Une de mes photos, que je fais paraître chaque soir depuis le début du confinement, a particulièrement attiré l’attention de mes amis de Facebook. Soit parce qu’ils connaissaient l’endroit et en raffolaient, soit parce qu’ils le découvraient…
C’est un véritable havre de paix (même s’il y a de très nombreux promeneurs) coincé dans une partie de Liège particulièrement bruyante : entre le centre commercial de Belle-Île, la ligne de chemin de fer vers l’Allemagne et l’autoroute vers le Luxembourg et l’est de la France. Les habitués vont diront : c’est le canal de l’Ourthe. Ils ont raison.
Mais derrière cette dénomination se cache une des ces aventures extraordinaires dont seul le génie civil est capable.
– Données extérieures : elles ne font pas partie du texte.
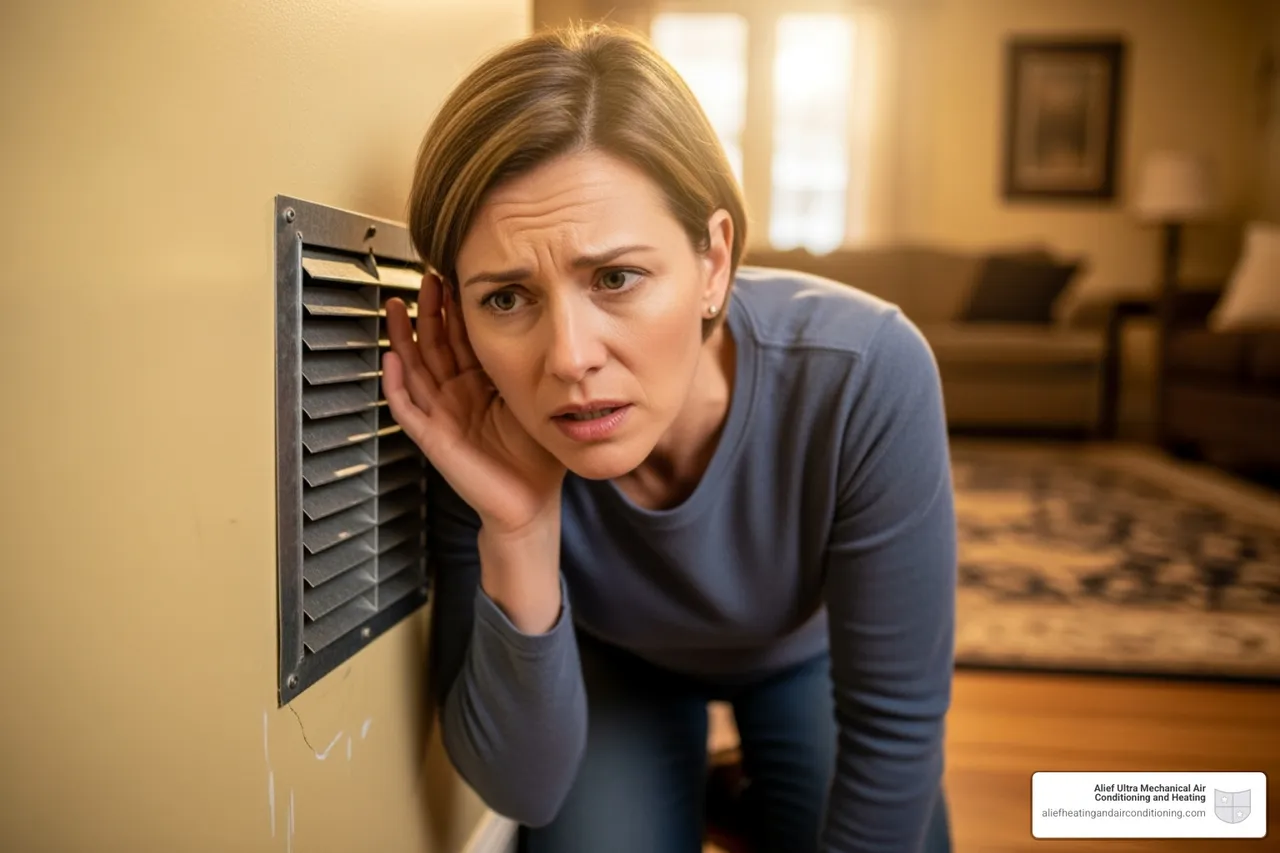 homeowner listening to noisy furnace vent - furnace repair houston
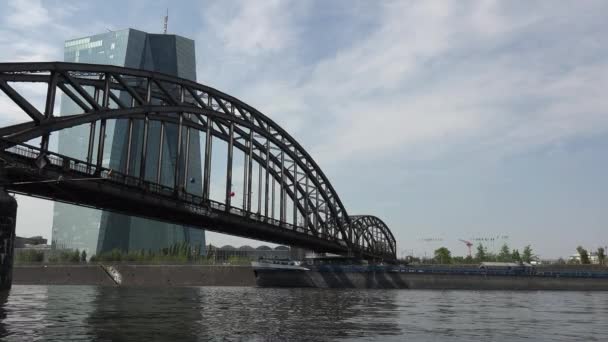 Yeni Avrupa Merkez Bankası Merkez Frankfurt Almanya Gerçek Zamanlı — Stok video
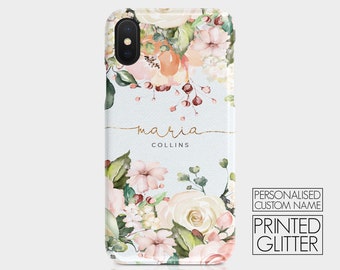 May include: A white iPhone case with a floral design and the name "maria COLLINS" in gold lettering. The case has a light blue background and features pink, white, and green flowers. The text "PERSONALISED CUSTOM NAME PRINTED GLITTER" is also visible.
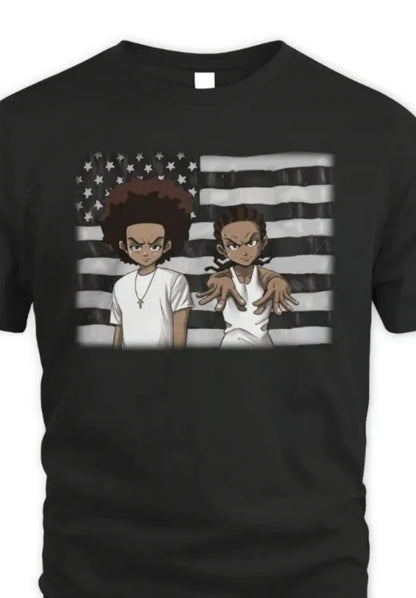 The Boondocks: Fashion Casual Printed T-Shirt Crew Neck Short Sleeve Cotton T-Shirt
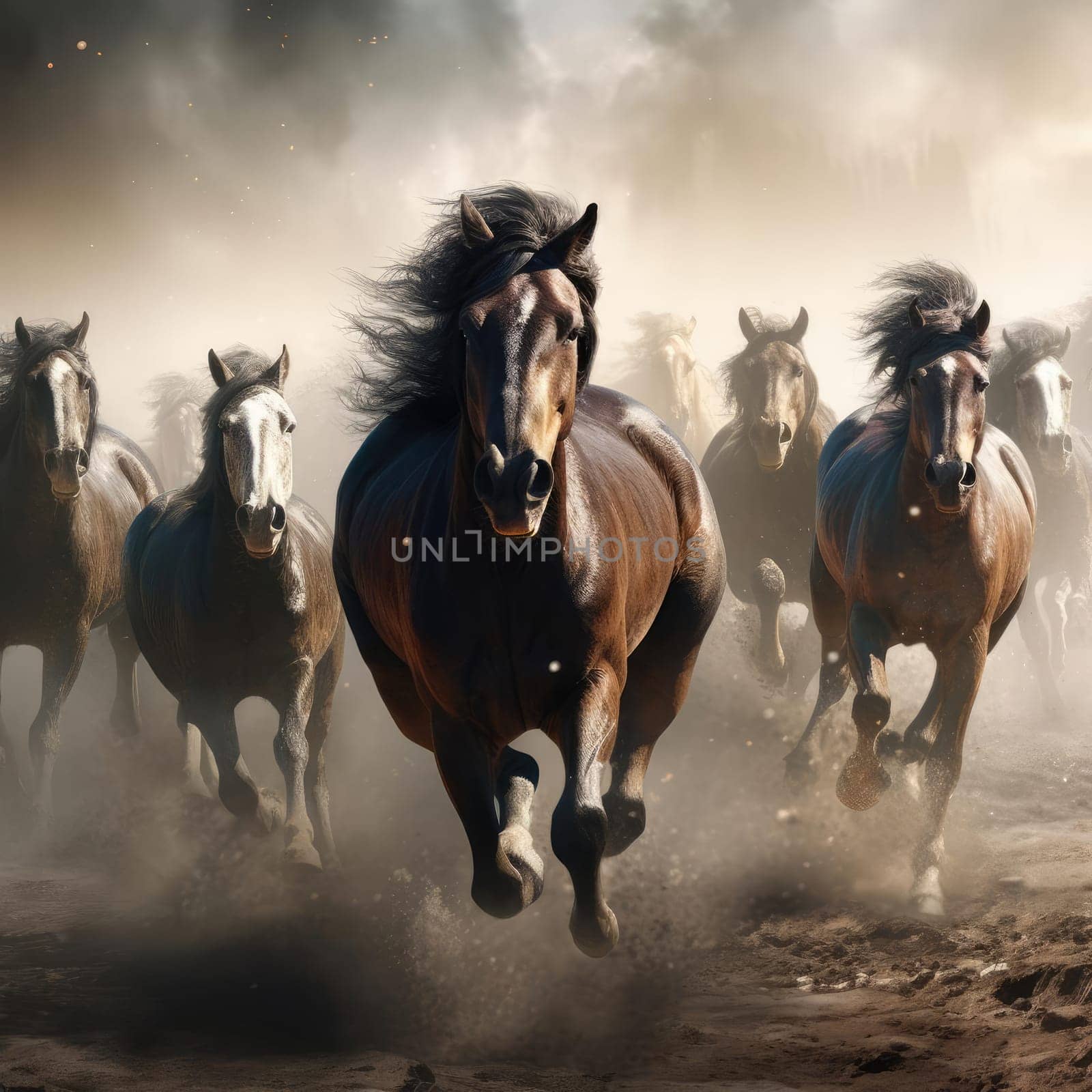 A herd of galloping horses. Dust from under the hooves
Tout démarre sous le règne de Guillaume Ier d’Orange, un souverain hollandais qui au début du 19ème siècle règne sur un territoire qui correspond aujourd’hui aux Pays-bas, à la Belgique et au Luxembourg ; un souverain qui, comme Louis XVI ou Napoléon III, est haï par une partie de ses sujets mais à qui, à l’épreuve du temps, on reconnaît bien des qualités! Guillaume, avant d’être chassé de chez nous, avait eu le temps par exemple en 1817 de créer l’Université de Liège, notre chère Alma Mater… On peut le voir représenté dans la sublime salle académique lors de son inauguration en 1824 ainsi qu’aux murs son monographe (« W » pour Wilhelm/Guillaume).
Et ce n’est pas tout! Il jette les bases de la prospérité économique de la Wallonie en accueillant notamment John Cockerill, et améliore les voies navigables par le creusement de canaux. Des canaux, dont celui qui nous intéresse, qui relierait le Rhin à la Meuse!
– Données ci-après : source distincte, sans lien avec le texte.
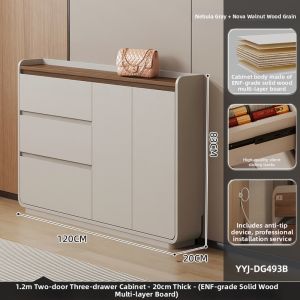 YANGYING | Ultra Thin 6-Drawer Solid Wood Storage Cabinet 25cm
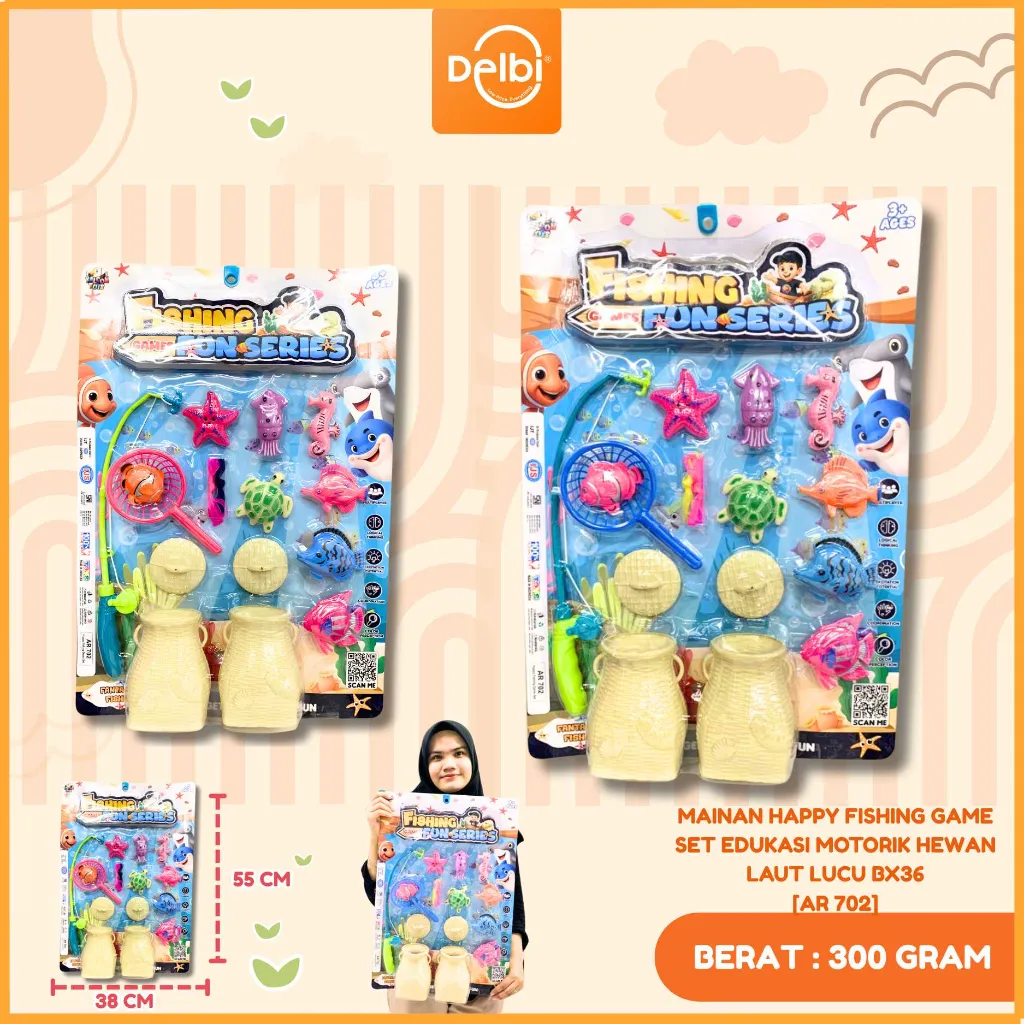 [AR 702] MAINAN HAPPY FISHING GAME SET EDUKASI MOTORIK HEWAN LAUT LUCU BX36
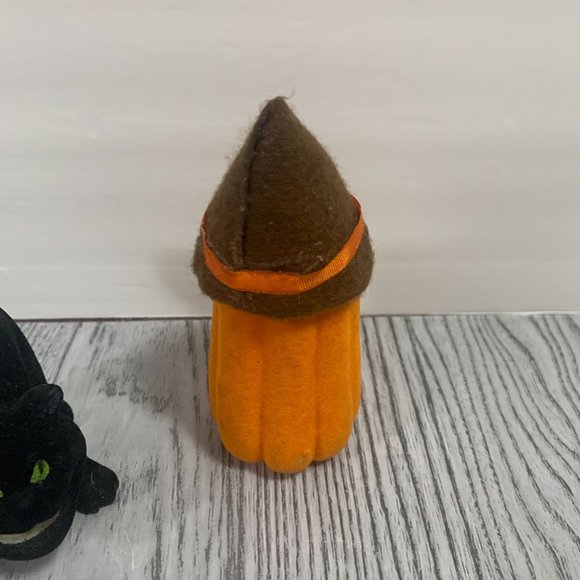 Vintage Russ Flocked Smiling Black Cat Green Eyes And Pumpkin Figures - Picture 6 of 11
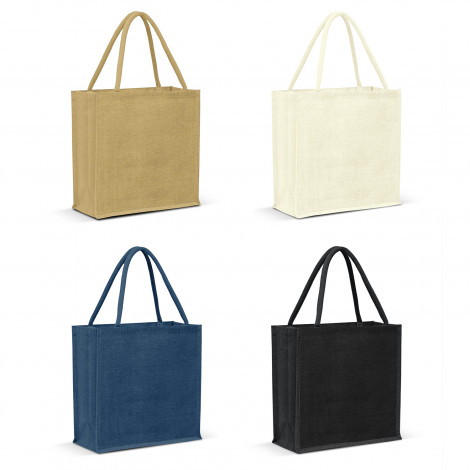 Monza Jute Tote Bag - Colour Match - Image 2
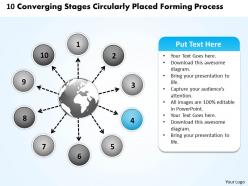 10 converging stages circularly placed forming process charts and powerpoint slides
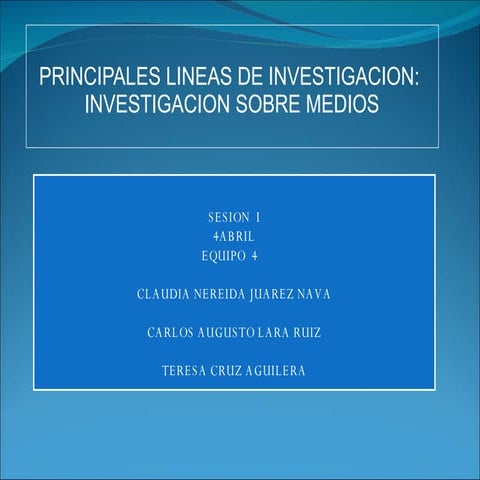 PRINCIPALES LINEAS DE INVESTIGACION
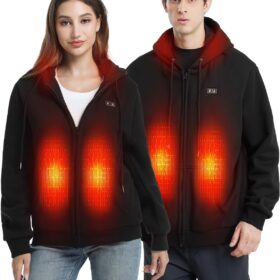 Heated Hoodie with 6 Heating Zones & 12000mAh Battery Pack - Unisex Portable Electric Sweatshirt for Outdoor Sports, Hunting, & Winter Commute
Sur une carte, la distance entre le Rhin et la Meuse n’est pas très importante et relier ces deux grands fleuves a toujours fasciné. Dès l’époque romaine, on y songe avec l’empereur Claude, puis Philippe II (qui commença des travaux), Frédéric de Prusse et Napoléon… du beau monde!
Guillaume reprend l’idée dans l’optique du développement économique de la région liégeoise. On a trouvé au Luxembourg des gisements de minerai qu’on pourrait travailler dans le bassin sidérurgique nouvellement développé par Cockerill. De plus, le Luxembourg produit du bois, de la pierre et du cuir, matériaux très utiles dans les mines.
Son projet est très original : il envisage, au lieu de creuser un canal de bout en bout, d’utiliser les rivières existantes en les canalisant : la Moselle, la Clerve, la Wiltz, le ruisseau d’Hachiville, la Sûre et l’Ourthe. De Wasserbling (banlieue de Trêves) jusqu’à Liège, confluent de l’Ourthe et de la Meuse. Plus de 300 km rythmés par 205 écluses, le tout à la queue leu leu. Le seul vrai problème se situe entre Clervaux et Houffalize au niveau de Tavigny et de son hameau Bernistap. Un canal souterrain de plus de 2 km doit être construit sous une colline.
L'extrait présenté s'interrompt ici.